In the early period of Infrared, Haz built a loyal following based on a cage match approach to the wider online parasocial left. His strategy was to approach each day online as a battlefield amidst a wider war to defeat what he names “leftism,” which he and his followers define as the collective ideological tendency of the existing American left. In a founding manifesto of MAGA Communism, Haz and Infrared argue that a new “metaphysical” alternative to leftism needs to emerge to usher in a new multipolar imperial arrangement of power in which American hegemony is “dis-aligned.” Haz’s followers are known as “The Guerillas,”[6] an homage to the task of making guerilla warfare on existing leftism and an admission that their community is centered around the silverback alpha of Haz himself. Infrared argues that the primary schism of politics is not between left and right. Rather, it is between a nascent “partisanship” ideology, which draws people into a general antagonism with the status quo, and “leftism,” which represents all expressions of the existing left, and which is in total embrace of the status quo. In the manifesto, they write:

The distinction between left and right is displaced by the distinction between Leftism (which increasingly takes, in political reality, the form of an ‘apolitical Center’) and Partisanship, the latter including all manner of eclectic, wild, fringe ideologies which appear ‘all over the political spectrum.’ It appears as such, not because of any mystical ‘Nazbol vortex’ or profound metaphysical significance of fascism – but because it represents, in the final analysis, a denial of modern political form itself. In contrast to ‘third position syncretism,’ partisan political ideologies are properly chaotic, being defined only by their unpredictability from the standpoint of modern political consciousness.

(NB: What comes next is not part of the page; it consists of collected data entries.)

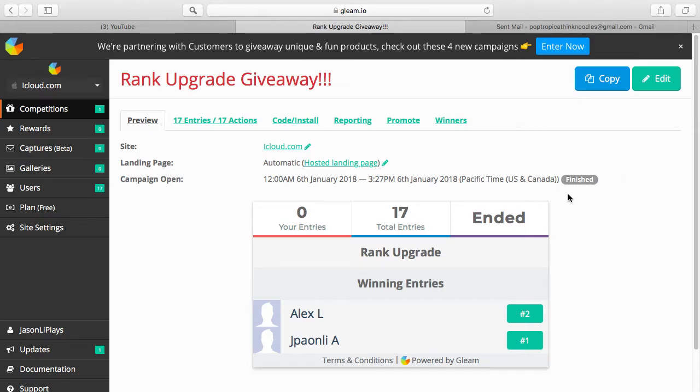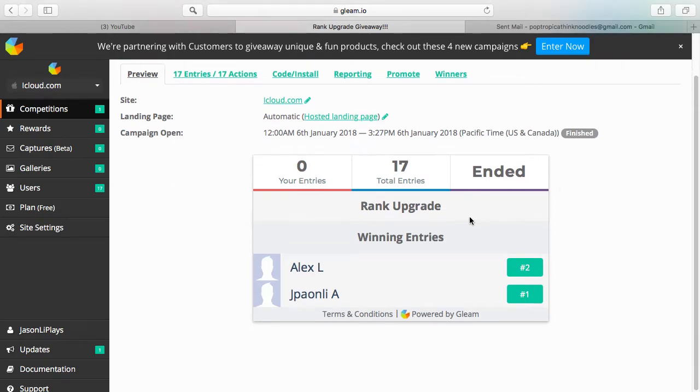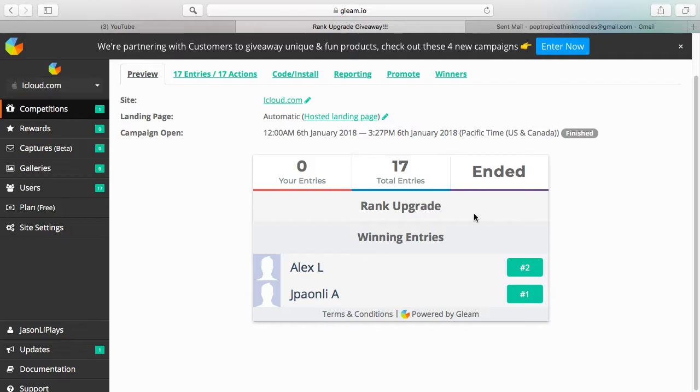Hey guys, before you all unsubscribe to my channel, I am going to be having giveaways each month. Two winners, they're all going to be rank upgrades or sometimes I might do cape giveaways.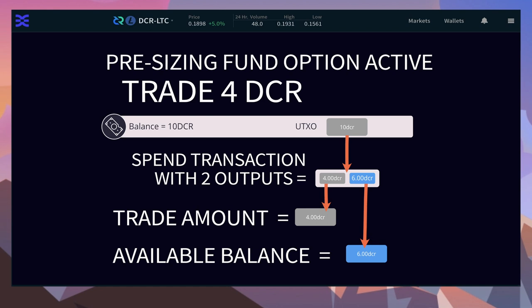The second transaction then spends the output with the exact amount required for the atomic swap contract. Since the first is a regular transaction, you immediately have the change available to spend.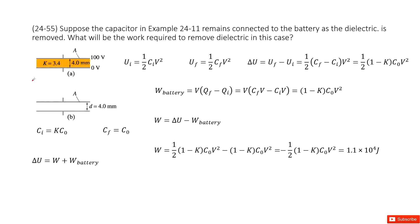This is a follow-up problem for example 11 in the textbook. Initially we have the dielectrics in this capacitor, and finally we remove these dielectrics. The question asks what work is required to remove these dielectrics.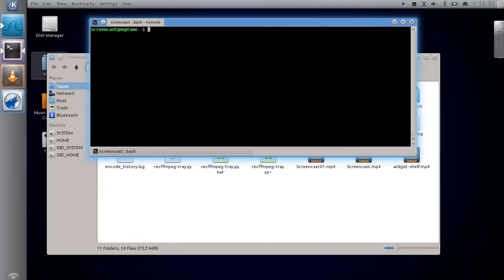The Plasma widget is called Window Menu Bar, and with this you can enable global menu menuing in KDE. Thanks for watching.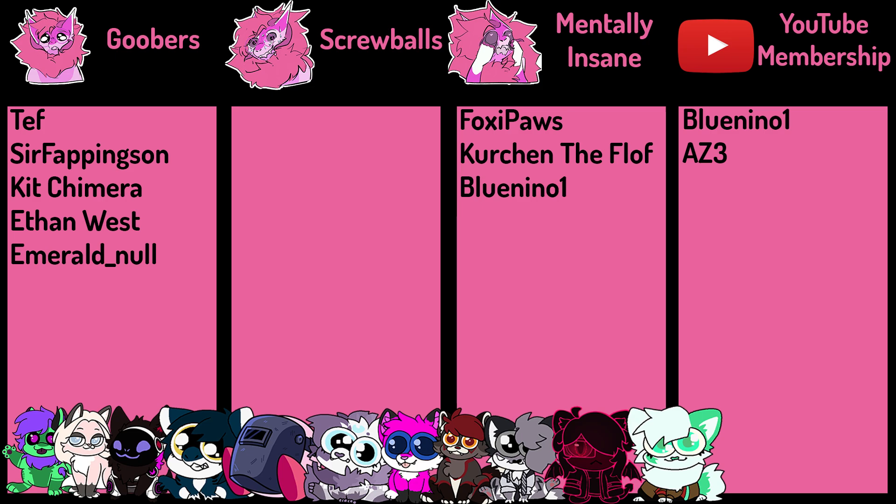And in the Mentally Insane tier, I would like to thank Foxy Paws, Kerchin the Flof, and Blue Nino. And then over on my YouTube memberships, I would like to thank Blue Nino and AZ3. What you guys do helps produce videos and keeps me afloat. I appreciate the support very much. If you're interested in getting a Goober, like seen on the screen below, please go to the description and head over to my Patreon. Otherwise, have a lovely rest of your day. This has been Pinky, and I hope I helped.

The strategy of MAGA Communism is thus to promote a radical “hyperstitional” disruption from within the MAGA base of followers, whom they see as the antagonistic agents capable of disrupting contemporary leftism. But this idea that inside the onion of the Trump MAGA movement is the beating heart of the American proletariat leads Infrared to positions that effectively tail the Republican Party. This is precisely because so much of the content of their political controversies revolves around the embrace of the very same culture war positions the mainstream Republican Party champions. Most detrimentally, this culture war pandering to the right leads Infrared to adopt a narrow empirical definition of what constitutes the working class, leading them to deny, for example, that baristas or service workers are part of the proletariat.

But despite these basic contradictions in its understanding of the working class and MAGA, Infrared’s core problem is that it only measures its success by the performance of their leader. In his bios, Haz curiously describes himself as a “comedian” and the “undefeated Tankie Warlord.” Haz hosts nightly streams for a loyal following of between 600 to 1,000 “Guerillas” consisting of lighthearted comedy to armchair theory, to the occasional cage match debate with a leftist. Haz sees himself as a Marxist theoretician and at the core of his idiosyncratic blend of Marxist-Leninist thought is the reactionary thought of Russian philosopher Aleksander Dugin. Dugin is the master thinker who most importantly provides the strategy for thinking civilizational “multipolarity,” or the emergence of a post-unipolar, post-American-dominated world scene. Dugin argues that war and violence are necessary to initiate a break from leftism and liberalism. Dugin thus gives Infrared a global perspective on the wider aim to destroy leftism and, as a result, they frequently celebrate and embrace repressive and authoritarian regimes such as North Korea, and they understand Putin’s Russia to be in line with a wider socialist and communist vision.

In the last two years, Haz has teamed up with Jackson Hinkle, a shady social media provocateur who mysteriously grew his follower count on X following the Al-Aqsa Flood on October 7, 2023, to over two million. Haz and Hinkle have such outlandish squabbles with leftists that they become parodies of themselves. They openly celebrate Stalin, they advocate a return to patriarchal authority, and they refer to LGBTQ as a “social fascist” movement. In the “The Rise of MAGA Communism,” they make it clear that, “today’s LGBT pride parades, or the 2020 BLM protests thus have more in common with the ‘mass politics’ of Fascism than today’s MAGA movement.” All these provocative and chaotic politics have, unsurprisingly, led the left to view Hinkle, Haz, and MAGA Communism as at best a “patriotic socialist” movement destined to only tail the Republican Party. But at worst, they are viewed as a fascist rightwing movement."